Respect and hard work. Growing up in a small mid-Michigan farming community ensured that these two values became central to who Chad is. While his college education at Michigan State University offered a solid music foundation, his desire to write music for film and television meant that he had to leave nearly everything behind and begin a new life in Los Angeles. That happened in the summer of 2003 when he and his high school sweetheart married and drove their old Saturn out to Los Angeles with $1000 to their name. Little did he know that the respect and hard work that he learned as a child would be integral to his eventual success in the industry.
Upon arriving in Los Angeles, he worked the most quintessential job in town, bussing tables by day and writing music at night. Recognition from his early short film projects drew the attention of a few key producers in town and led to his work on over 100 films and television episodes.
Recognized by the National Foundation for the Advancement in the Arts, ASCAP Foundation, and induction into the Television Academy of Arts and Sciences, Chad’s successes have secured a steady stream of production companies for whom he’s written music: Dreamworks, Sony, Paramount, ABC Family, SyFy Channel and PBS to name a few. Versatility, humor, and the midwest ethic of getting the job done right no matter what keeps directors and producers coming back.
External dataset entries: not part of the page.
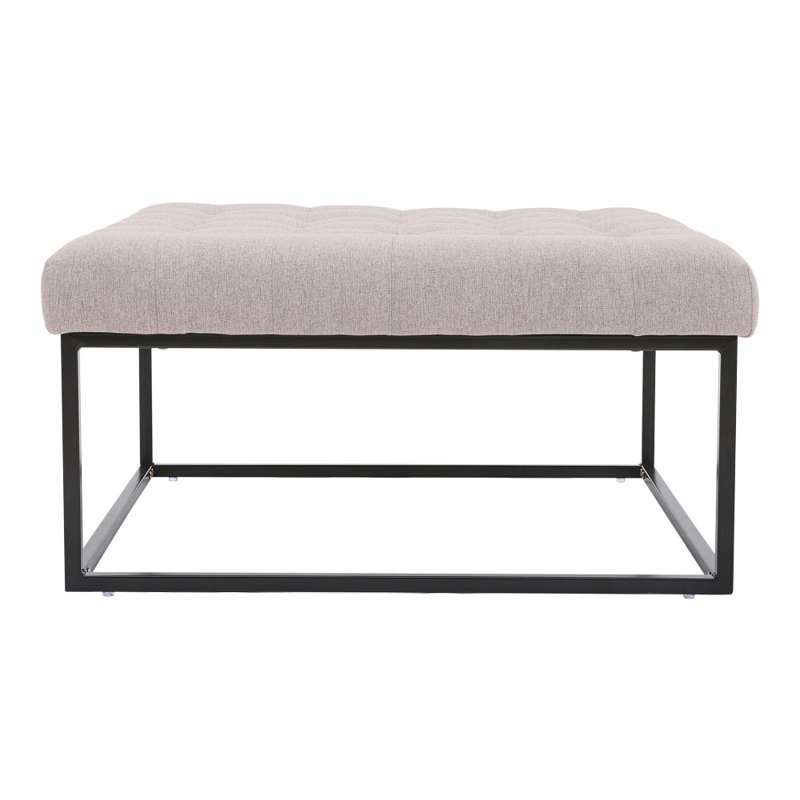 84cm Wide Tufted Square Standard Ottoman, Beige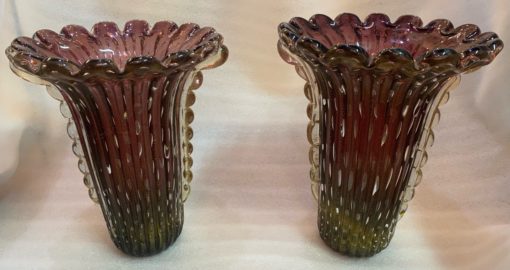 1970 ′ Pair of Vases Or Similar Murano Crystal Violine and Gold Signed Toso H 39 cm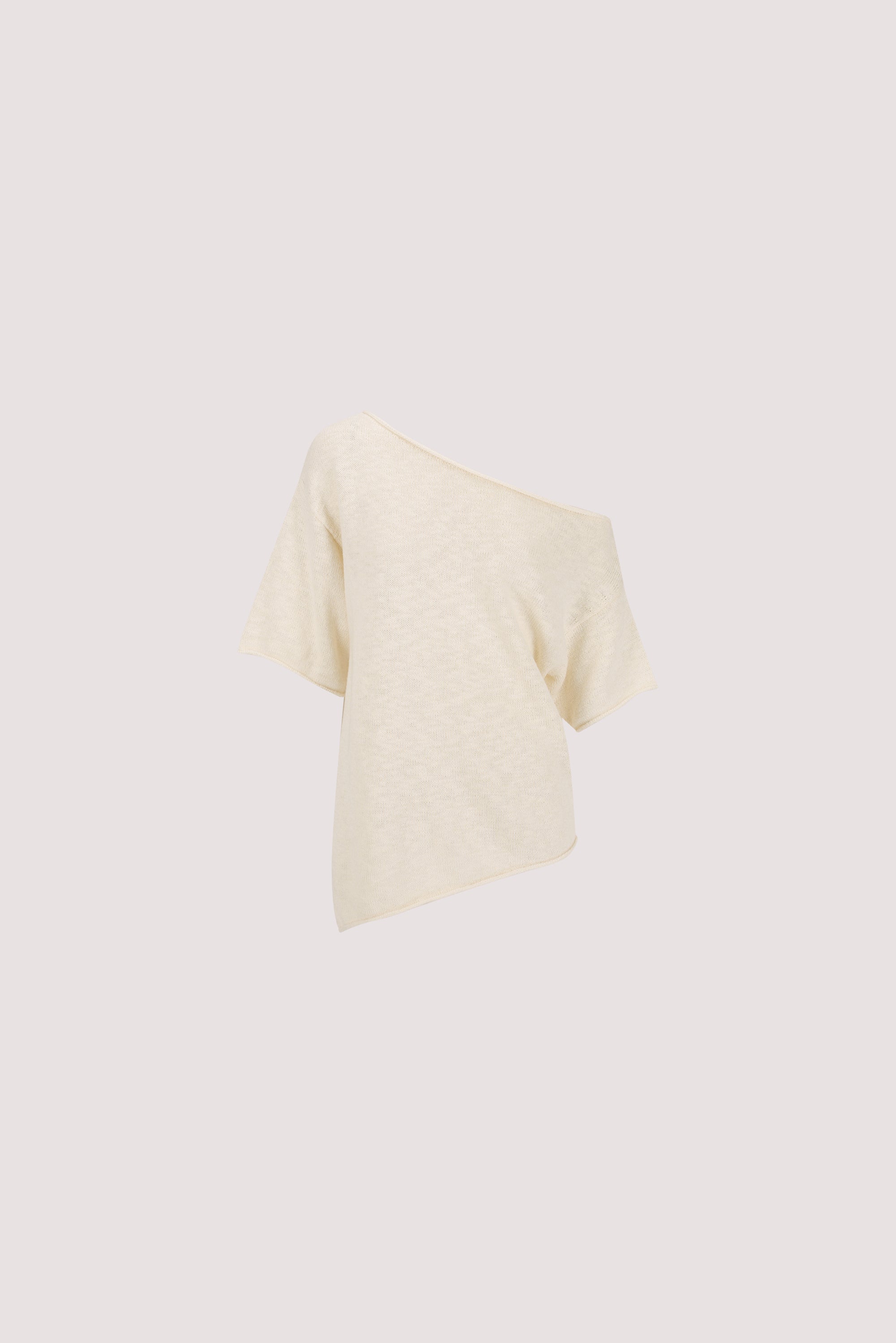 RICK CREAM ASYM KNIT TOP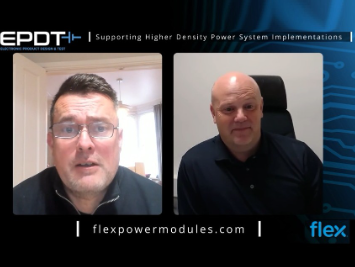 Two‑panel video call layout with one participant displayed on the left and another on the right, framed by a branded header reading “EPDT | Supporting Higher Density Power System Implementations.” The footer shows “flexpowermodules.com” and the Flex logo on a dark, circuit‑themed background.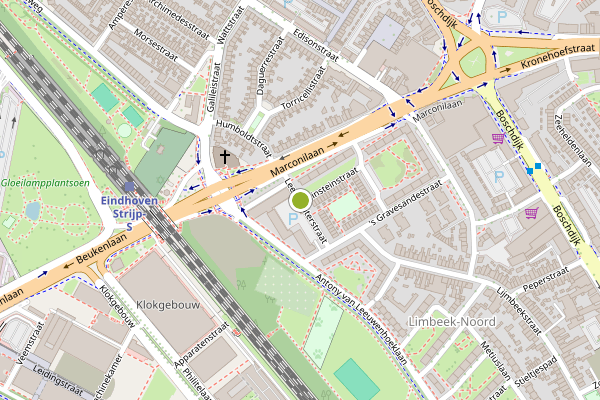 Ambulance-melding op Leeghwaterstraat, Eindhoven op 26 juli, kaart-overzicht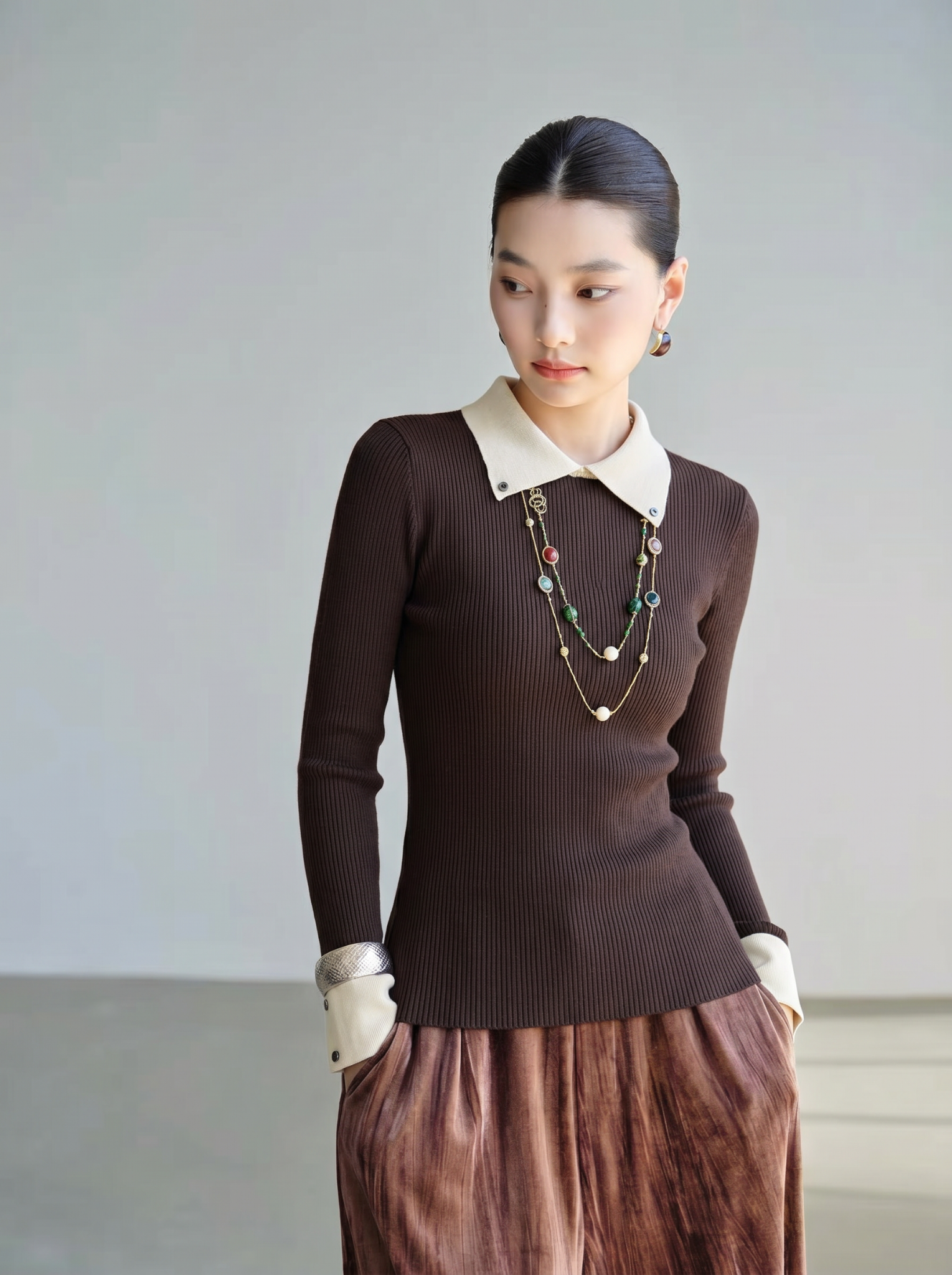  A810-Áo Len Dệt Kim Cổ Phối Màu Mùa Thu Hàn Quốc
In addition to his work with film and television, Chad also carves out time in his schedule to write music for the concert hall, give talks at universities, and help recent college graduates navigate the business when they arrive here in Los Angeles. Entrepreneurship and helping students gain the necessary business tools to succeed in today’s global music market is a passion of his.
That Saturn he and his wife drove out? It’s now a seven seat Traverse that hauls their three children to music lessons and soccer practice. That $1000 risk to follow a dream? It’s now a career in Hollywood spending every day doing what he loves…using his music to help others tell their stories.